Throughout the book, Seigel Boettner’s love and respect for his students is abundantly clear, as is the fact that the feelings are mutual. Their cohesiveness as a group, a family, is what enables them to not only survive, but enjoy repeated thunderstorms, tornadoes, high mountain passes, dangerous highways and four months of constant togetherness. Their travails actually bring them closer together.
Seigel Boettner’s goal for the trip, beyond just completing it, is for both he and his students to learn more about America and Americans than they ever could sitting in a classroom. Although they encounter criticism because the kids are “missing” school, Seigel Boettner’s tale, including excerpts from the children’s journals, make’s it abundantly clear that his educational goals are more than realized. Jimmy said near the end of the trip: America is our classroom, our bikes are our textbooks, and the people we meet are our teachers.” Wow.
Subtitled “Five Kids Meet Their Country,” Hey Mom, Can I Ride My Bike Across America? testifies that the kids do indeed meet their country. Not only do they travel through over 13 states to see a wide variety of terrain and weather, they also meet uncountable Americans of all stripes. Notable are the Amish family on whose farm they spent the night; bigoted, but friendly rednecks in the south; politicians in Washington, D.C.; and many, many people who got a dreamy look in their eyes as the kids described what they were doing. I know that my trip-planning fantasies ratcheted up a few notches just reading about their adventures.
Hey Mom, Can I Ride My Bike Across America? belongs on the bookshelf of every person who tours by bike, or dreams about touring by bike, or even just dreams. This well-written tale will have you pulling out your atlases and making lists for your next adventure.
Ride safe and have fun!
Note: this book was purchased by me with my own money and I in no way profited from this review.
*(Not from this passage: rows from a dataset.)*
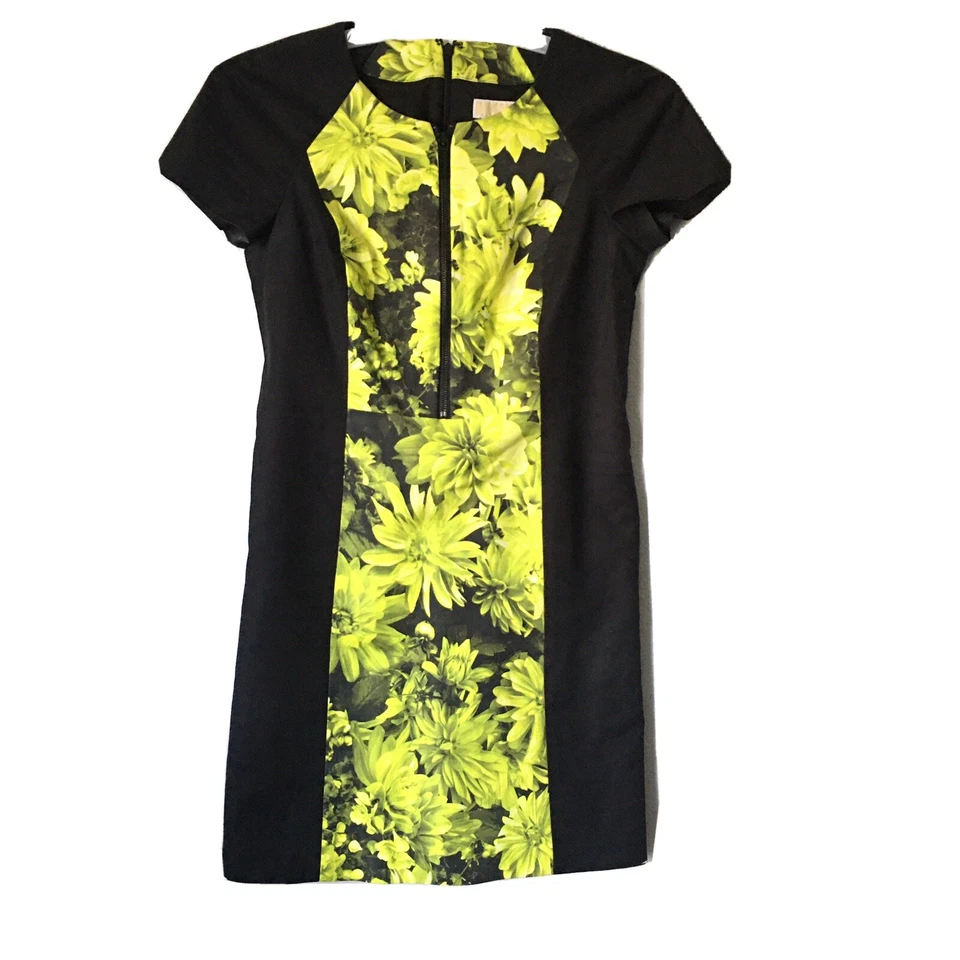 Vestido Michael Michael Kors preto com painel floral verde manga curta profissional - Imagem 1 de 4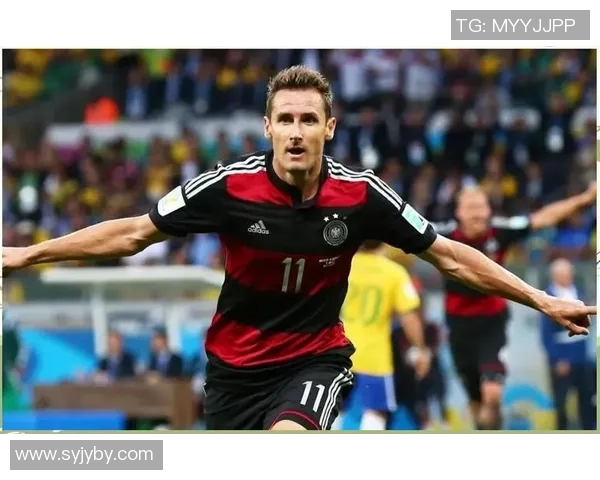 退役球员中的足球明星有哪些值得铭记的传奇人物与他们的辉煌成就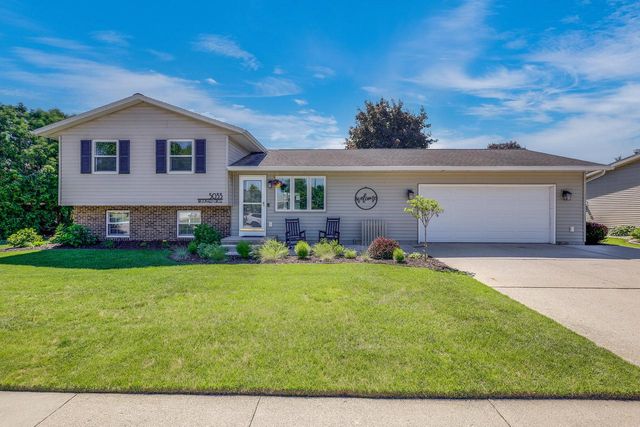 5033 Brookfield CIRCLE, Manitowoc, WI 54220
A middle school social studies teacher, Seigel Boettner and a colleague had taken small groups of students on two to three week bicycle adventures all over the world, but this undertaking was to be the boldest of them all. Seigel Boettner and his wife proposed to take a group from Washington, D.C. across the country to their home in Los Olivos, California in just four months.
When their plane landed in Washington in June 1986, the group consisted of Seigel Boettner, his wife Lynn, and five 12- and 13-year-olds, three boys (Jimmy, Carl and Ethan) and two girls (Joy and Heather). After two years of planning and training, the group was ready to start their adventure.
Throughout the book, Seigel Boettner’s love and respect for his students is abundantly clear, as is the fact that the feelings are mutual. Their cohesiveness as a group, a family, is what enables them to not only survive, but enjoy repeated thunderstorms, tornadoes, high mountain passes, dangerous highways and four months of constant togetherness. Their travails actually bring them closer together.
Seigel Boettner’s goal for the trip, beyond just completing it, is for both he and his students to learn more about America and Americans than they ever could sitting in a classroom. Although they encounter criticism because the kids are “missing” school, Seigel Boettner’s tale, including excerpts from the children’s journals, make’s it abundantly clear that his educational goals are more than realized. Jimmy said near the end of the trip: America is our classroom, our bikes are our textbooks, and the people we meet are our teachers.” Wow.
Subtitled “Five Kids Meet Their Country,” Hey Mom, Can I Ride My Bike Across America? testifies that the kids do indeed meet their country. Not only do they travel through over 13 states to see a wide variety of terrain and weather, they also meet uncountable Americans of all stripes. Notable are the Amish family on whose farm they spent the night; bigoted, but friendly rednecks in the south; politicians in Washington, D.C.; and many, many people who got a dreamy look in their eyes as the kids described what they were doing. I know that my trip-planning fantasies ratcheted up a few notches just reading about their adventures.
Hey Mom, Can I Ride My Bike Across America? belongs on the bookshelf of every person who tours by bike, or dreams about touring by bike, or even just dreams. This well-written tale will have you pulling out your atlases and making lists for your next adventure.
Ride safe and have fun!
Note: this book was purchased by me with my own money and I in no way profited from this review.